Apparently for many centuries it been believed that the artichoke is a wonderful tonic for the liver. Their natural property helps the body to get rid of all toxins and assisting with healthy liver functions. If you suffer from digestion problems or IBS then no problem, try eating artichokes! It is believed along with all dark green leafy vegetables and parsley that they sooth the stomach. Scientist believes that an artichoke stimulates the gall bladder.

Did you know…

…”Confusingly enough there are three different, unrelated plants are all known by this name. The globe artichoke is related to the thistle. Its leaves are edible, as is the bottom part of the flower, called the heart. The Jerusalem artichoke belongs to the sunflower family and it is the plant’s underground tubers are eaten. They are lumpy and uneven in shape, with a pale brown or purple-red skin. (Almost looking like the Ginger Root) The Chinese artichoke is a perennial herb of the mint family, grown for its edible tuberous underground stems. (They remind me of wriggley worms - LOL) It has a sweet, nutty taste, similar to the Jerusalem artichoke. It’s much more difficult to find in shops than globe or Jerusalem artichokes”


At the Market:

When shoping for artichokes it best to look for ones that are healthy green colour. Artichokes that are picked in cooler climates are darker with a bronze tip on the petals. You find them mostly spring but there peak is in summer. You can find tinned artichokes at your local supermarket.

At Home:

Storing: You can store unwashed artichokes in a plastic bag in your crisper for up to 2 weeks.

Preparation for cooking:

Once well rinsed until cold running water, with a sharp knife, preferably a chef knife, cut the stem at the base of the globe. You can cook and eat the stem. Still using your sharp knife trim the top part off say about 1 cm. Snip off the sharp tips with a pair of scissors. Rub the whole artichoke especially the cut portions with a half lemon. This prevents it from discolouring.

Basic Cooking Techniques:

There are different ways in preparing artichokes from steaming, grilling, boiling or braising.

Steaming: arrange washed and trimmed artichokes in a steamer basket over boiling water cover and cook for between 20-40min until the inner leaf can be pulled out easily. Drain with the artichokes upside down – this is to get all the water out. Season with salt and lemon juice or garlic, origanum and butter.

Braising Baby Artichokes: Heat 30ml teaspoons extra-virgin olive oil in a large pan. Add baby artichokes and cook for 1 minute, stirring constantly. Add 250ml white wine and 250ml water and good sprinkle of either dried thyme, rosemary, tarragon or origanum. Bring to a simmer; cover, reduce heat and cook until tender, about 15 minutes.

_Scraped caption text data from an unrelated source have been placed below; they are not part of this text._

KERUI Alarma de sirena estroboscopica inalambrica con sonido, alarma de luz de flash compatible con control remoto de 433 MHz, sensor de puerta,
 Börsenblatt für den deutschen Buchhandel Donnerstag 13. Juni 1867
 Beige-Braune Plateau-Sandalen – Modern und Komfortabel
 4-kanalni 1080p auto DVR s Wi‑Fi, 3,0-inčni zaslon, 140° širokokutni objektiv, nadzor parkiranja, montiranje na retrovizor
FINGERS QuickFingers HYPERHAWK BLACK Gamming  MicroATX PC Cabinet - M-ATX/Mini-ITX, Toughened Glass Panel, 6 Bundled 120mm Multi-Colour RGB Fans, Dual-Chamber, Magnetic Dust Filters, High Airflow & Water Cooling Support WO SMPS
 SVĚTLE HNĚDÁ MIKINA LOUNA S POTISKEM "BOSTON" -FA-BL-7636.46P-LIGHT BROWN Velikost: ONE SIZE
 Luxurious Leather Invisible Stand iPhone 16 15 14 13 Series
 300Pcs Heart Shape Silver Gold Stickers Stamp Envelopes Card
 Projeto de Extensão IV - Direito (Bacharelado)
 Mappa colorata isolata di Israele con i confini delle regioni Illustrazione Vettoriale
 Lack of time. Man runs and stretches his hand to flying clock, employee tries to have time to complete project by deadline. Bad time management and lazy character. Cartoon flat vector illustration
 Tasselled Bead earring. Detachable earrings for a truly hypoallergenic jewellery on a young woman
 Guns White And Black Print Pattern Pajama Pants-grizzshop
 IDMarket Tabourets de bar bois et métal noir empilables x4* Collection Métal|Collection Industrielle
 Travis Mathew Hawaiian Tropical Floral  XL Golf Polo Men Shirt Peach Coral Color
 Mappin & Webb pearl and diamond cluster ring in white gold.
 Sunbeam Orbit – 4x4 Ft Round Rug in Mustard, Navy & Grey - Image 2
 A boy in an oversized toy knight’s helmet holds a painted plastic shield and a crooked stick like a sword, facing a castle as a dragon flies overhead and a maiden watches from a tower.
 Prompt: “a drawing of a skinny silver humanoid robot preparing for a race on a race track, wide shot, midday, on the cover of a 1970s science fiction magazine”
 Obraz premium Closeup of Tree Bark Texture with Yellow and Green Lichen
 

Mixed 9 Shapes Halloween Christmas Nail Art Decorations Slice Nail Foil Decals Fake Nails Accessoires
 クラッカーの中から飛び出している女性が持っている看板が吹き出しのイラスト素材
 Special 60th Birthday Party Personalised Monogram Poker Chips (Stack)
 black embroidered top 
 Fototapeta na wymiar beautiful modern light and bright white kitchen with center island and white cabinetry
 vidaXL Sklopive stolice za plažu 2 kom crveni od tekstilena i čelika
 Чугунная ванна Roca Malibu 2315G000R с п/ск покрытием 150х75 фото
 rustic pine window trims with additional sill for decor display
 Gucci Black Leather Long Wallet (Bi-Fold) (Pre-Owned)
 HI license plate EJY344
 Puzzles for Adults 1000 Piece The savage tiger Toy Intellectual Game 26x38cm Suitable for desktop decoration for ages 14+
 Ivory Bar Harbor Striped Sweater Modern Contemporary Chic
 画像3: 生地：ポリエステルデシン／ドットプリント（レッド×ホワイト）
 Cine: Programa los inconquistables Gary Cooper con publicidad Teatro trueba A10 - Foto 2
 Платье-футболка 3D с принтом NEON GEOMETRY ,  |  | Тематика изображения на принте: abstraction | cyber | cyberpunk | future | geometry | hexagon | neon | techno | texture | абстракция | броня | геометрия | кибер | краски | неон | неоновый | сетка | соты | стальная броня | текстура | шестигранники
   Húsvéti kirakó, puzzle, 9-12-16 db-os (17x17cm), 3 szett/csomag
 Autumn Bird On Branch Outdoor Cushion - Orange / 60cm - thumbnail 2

Grilling Artichokes: Halve artichokes, scoop out the choke, then toss with 1 tablespoon extra-virgin olive oil and pinch of sea salt. Preheat grill. Place the artichokes over direct, heat and cook, turning once or twice, until nice and tender.

Some Fresh Ideas:

For a party how about plucking the leaves from a few cooked artichokes and arrange them on a platter with a delicious dip in the centre. Here is an example of a really tasty and healthy dip by pureeing mashed roasted garlic, freshly ground pepper, soft tofu and lemon juice.

Try making a lovely Djion Mustard Vinnegerette: 2 tbsp red wine vinegar, 1 heaped tbsp Dijon mustard, salt and freshly ground black pepper and 5 tbsp olive oil. Combine the vinegar and mustard in a small lidded-jar and season to taste. Pour in the olive oil, before screwing on the lid and shaking vigorously to make a thick dressing. Taste and add more mustard, vinegar and seasoning if necessary. The dressing will keep in the fridge for several days.


1 comment:

  1. I've always thought they look pretty... but never attempted making them... this blog makes it sound very easy. Thanks Abby!